Small-world topology of functional connectivity in randomly connected dynamical systems

TL;DR

This paper investigates how functional connectivity measures can bias the detection of small-world properties in complex systems, showing that even random systems may appear to have small-world topology due to methodological artifacts.

Contribution

It reveals that common functional connectivity measures can artificially induce small-world characteristics in connectivity graphs, challenging interpretations of such properties in empirical data.

Findings

Functional connectivity measures can bias small-world detection.

Randomly connected systems may appear to have small-world topology.

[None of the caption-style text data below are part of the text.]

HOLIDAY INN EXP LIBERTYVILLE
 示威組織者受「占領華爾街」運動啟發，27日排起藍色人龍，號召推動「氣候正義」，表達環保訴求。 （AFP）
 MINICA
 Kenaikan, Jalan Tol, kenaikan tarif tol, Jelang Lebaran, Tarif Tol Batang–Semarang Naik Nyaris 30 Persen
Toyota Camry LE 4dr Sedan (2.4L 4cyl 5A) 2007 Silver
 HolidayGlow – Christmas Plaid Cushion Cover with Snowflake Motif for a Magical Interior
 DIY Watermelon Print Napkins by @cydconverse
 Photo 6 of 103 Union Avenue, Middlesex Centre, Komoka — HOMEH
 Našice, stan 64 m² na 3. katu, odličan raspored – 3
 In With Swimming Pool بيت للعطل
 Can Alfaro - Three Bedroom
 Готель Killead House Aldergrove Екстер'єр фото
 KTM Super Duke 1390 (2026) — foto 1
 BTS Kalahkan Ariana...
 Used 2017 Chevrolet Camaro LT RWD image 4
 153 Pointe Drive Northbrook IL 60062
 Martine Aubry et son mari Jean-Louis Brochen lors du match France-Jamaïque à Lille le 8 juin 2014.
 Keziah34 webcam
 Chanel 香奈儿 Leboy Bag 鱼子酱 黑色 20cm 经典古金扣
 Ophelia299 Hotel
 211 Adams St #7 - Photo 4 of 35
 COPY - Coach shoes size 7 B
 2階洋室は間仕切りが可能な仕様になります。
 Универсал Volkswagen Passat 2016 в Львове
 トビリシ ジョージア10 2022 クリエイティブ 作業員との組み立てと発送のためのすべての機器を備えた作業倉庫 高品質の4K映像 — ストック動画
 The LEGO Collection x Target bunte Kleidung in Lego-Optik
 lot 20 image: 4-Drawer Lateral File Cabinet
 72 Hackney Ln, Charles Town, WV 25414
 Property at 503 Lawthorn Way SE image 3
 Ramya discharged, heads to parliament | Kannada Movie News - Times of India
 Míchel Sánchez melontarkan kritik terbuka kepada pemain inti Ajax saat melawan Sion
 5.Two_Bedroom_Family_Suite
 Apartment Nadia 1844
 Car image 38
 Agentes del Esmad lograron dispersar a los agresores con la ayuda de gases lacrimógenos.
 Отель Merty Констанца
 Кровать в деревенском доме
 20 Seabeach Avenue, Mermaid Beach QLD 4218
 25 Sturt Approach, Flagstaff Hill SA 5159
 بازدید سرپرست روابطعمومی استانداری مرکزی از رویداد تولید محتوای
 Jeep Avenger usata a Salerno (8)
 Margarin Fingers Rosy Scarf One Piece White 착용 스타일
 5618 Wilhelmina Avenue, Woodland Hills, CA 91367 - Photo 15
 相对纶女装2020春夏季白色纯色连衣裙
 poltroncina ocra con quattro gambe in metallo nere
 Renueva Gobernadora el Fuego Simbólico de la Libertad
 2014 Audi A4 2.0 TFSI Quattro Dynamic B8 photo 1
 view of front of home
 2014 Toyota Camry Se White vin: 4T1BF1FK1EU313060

The phenomenon is robust across parameter variations in linear autoregressive models.

Abstract

Characterization of real-world complex systems increasingly involves the study of their topological structure using graph theory. Among global network properties, small-world property, consisting in existence of relatively short paths together with high clustering of the network, is one of the most discussed and studied. When dealing with coupled dynamical systems, links among units of the system are commonly quantified by a measure of pairwise statistical dependence of observed time series (functional connectivity). We argue that the functional connectivity approach leads to upwardly biased estimates of small-world characteristics (with respect to commonly used random graph models) due to partial transitivity of the accepted functional connectivity measures such as the correlation coefficient. In particular, this may lead to observation of small-world characteristics in connectivity graphs estimated from generic randomly connected dynamical systems. The ubiquity and robustness of the phenomenon is documented by an extensive parameter study of its manifestation in a multivariate linear autoregressive process, with discussion of the potential relevance for nonlinear processes and measures.